I saw my RE on Tuesday and I told her all about the nasty stuff I experienced with Met and that I needed an ART detour. I didn't think she was going to put us on the IF Highway so soon. She's putting me on the lowest dose of Avan.dia which she claims doesn't have nasty ass side effects like Met. If I can function normally on that, then I go on injectibles, do the whole monitoring bit, DH will spill his seed in a cup, the best swimmers will be chosen and shot up my uterus with that freaky looking thing above.

BUT we need to wait awhile. DH is too busy with work to be on standby for IUI so we're looking at July when his schedule will allow him to be at my beck and call. (She said that inspite of DH's high sperm count in the last analysis, his liquefaction problem is well... a problem. And since he's had a history of having a low sperm count, she can't take his good numbers for granted).

I was surprised by how I felt about being told that we are now considered candidates for IUI. We conceived a beautiful, healthy child (with an APGAR score of 10, I'm proud to say) with no intervention after just nine months of unprotected sex. Just having fun, I like to say.

I always believed that we'd pop a pill or two and in no time have another Tarb. But here was the RE saying that I could have developed polycystic-ness on my right ovary after my pregnancy. (Before my pregnancy it appeared that only my left was polycystic). Then, to scare me even more she said that PCOS is not just a problem in conception but also in pregnancy because you are not releasing the right mix of hormones to encourage and maintain implantation. My pregnancy went without a single hitch. I can't imagine carrying with complications! Unimaginable. I was working till the day Tarb was born. No problem!
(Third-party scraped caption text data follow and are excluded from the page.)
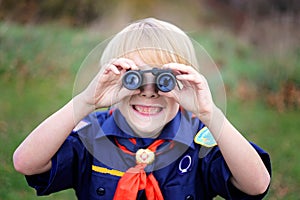 Young Tiger Cub Scout Smiling at Camera Through Binoculars photo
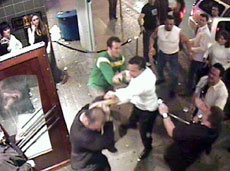 Surveillance video released by Vancouver police shows a nightclub bouncer being punched in the face. 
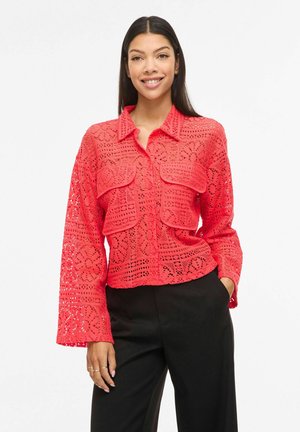 Kobieta o długich ciemnych włosach, uśmiechnięta, ubrana w jasną koralową koronkową koszulę na guziki z dużymi przednimi kieszeniami oraz czarne spodnie, stoi z ręką w kieszeni.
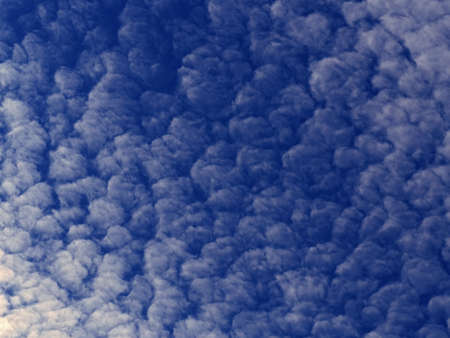 Blue sky with the many  white clouds blurred backgroundの写真素材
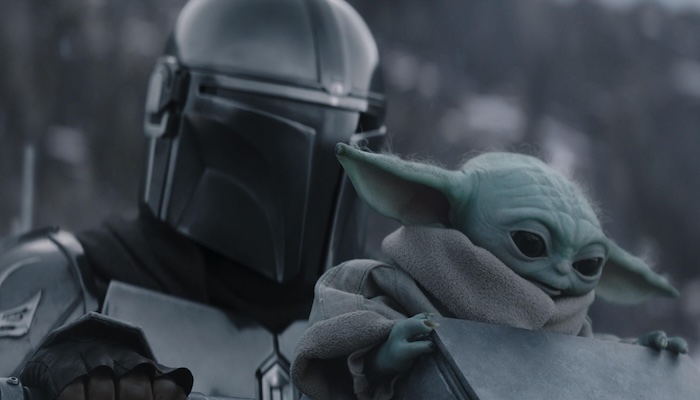 The Mandalorian and Grogu in Lucasfilm's THE MANDALORIAN AND GROGU.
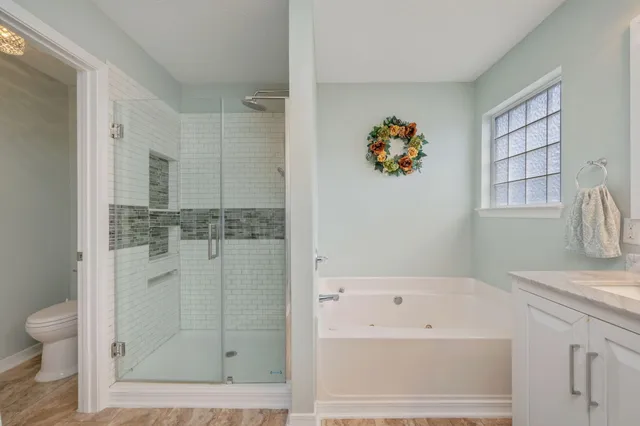 a bathroom with a bathtub sink and toilet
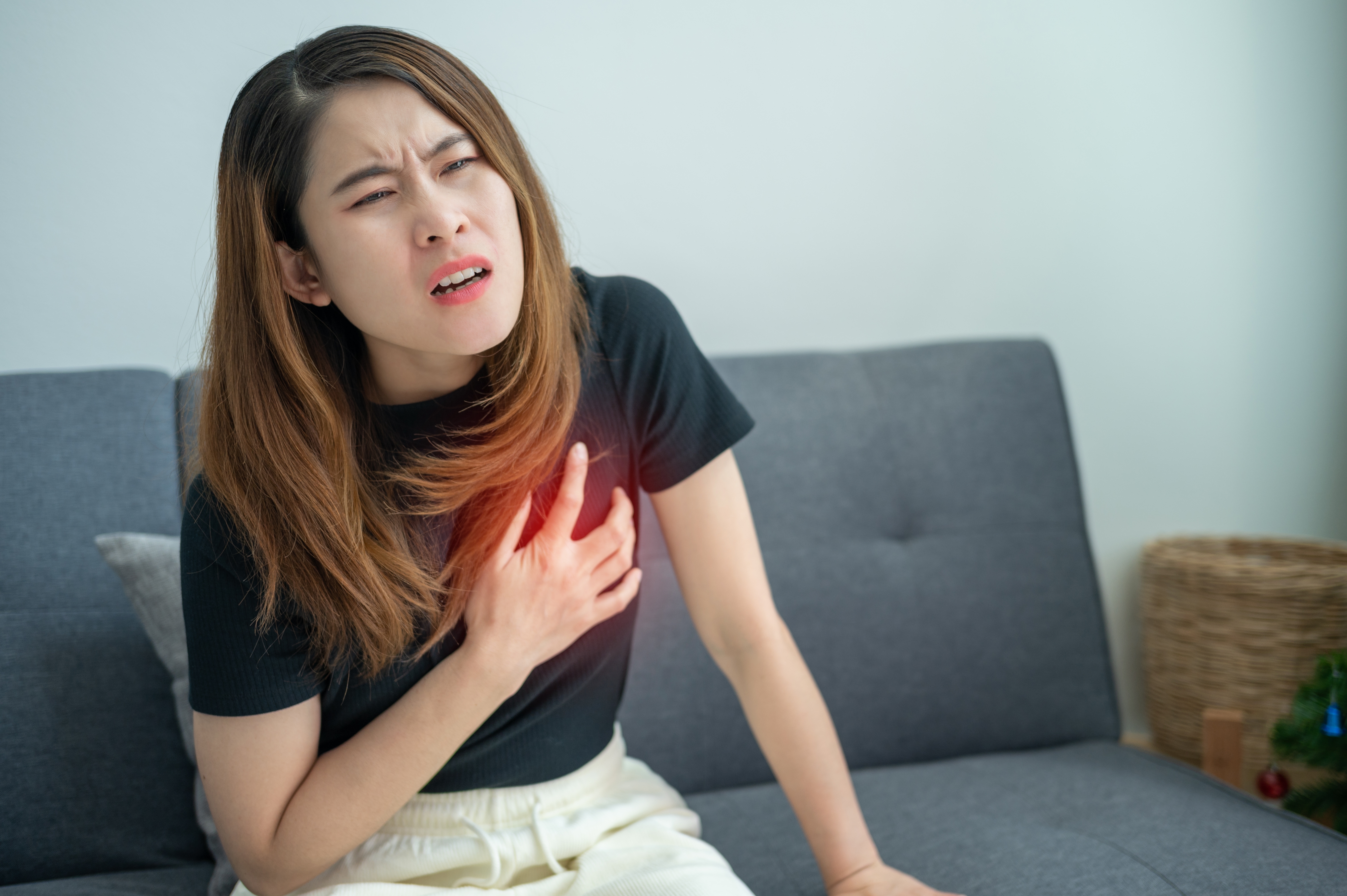 Young woman clutching her chest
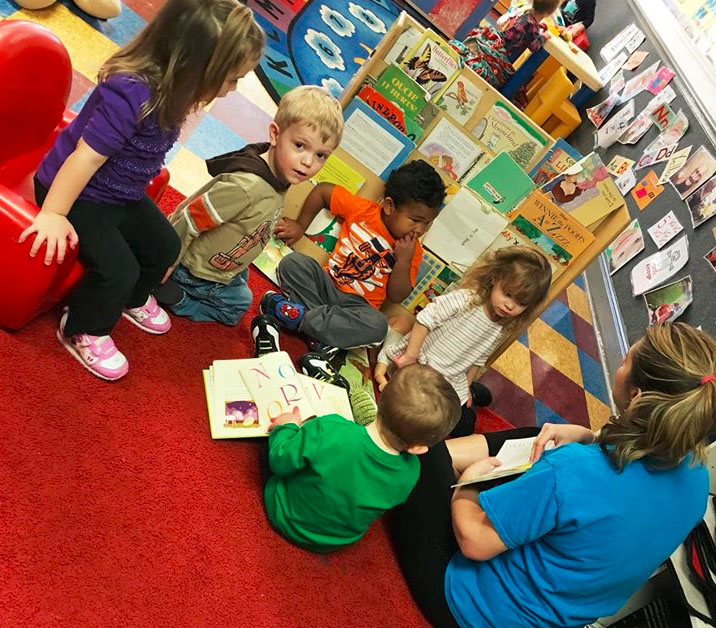 Toddlers listening attentively to the teacher reading books and storytelling at a Christian Preschool & Daycare Serving Loganville, GA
I'm excited about taking a more aggressive step but at the same time, I'm in some kind of shock because I never imagined I'd get this far in ART. Sure, IUI is chicken feed compared to IVF but as I said, I never thought I'd have to do this. And the fear of disappointment greater than ever before, because I know my hopes and expectations will be higher. I feel like it's all happening so fast but then again, it HAS BEEN TWO YEARS of TTC.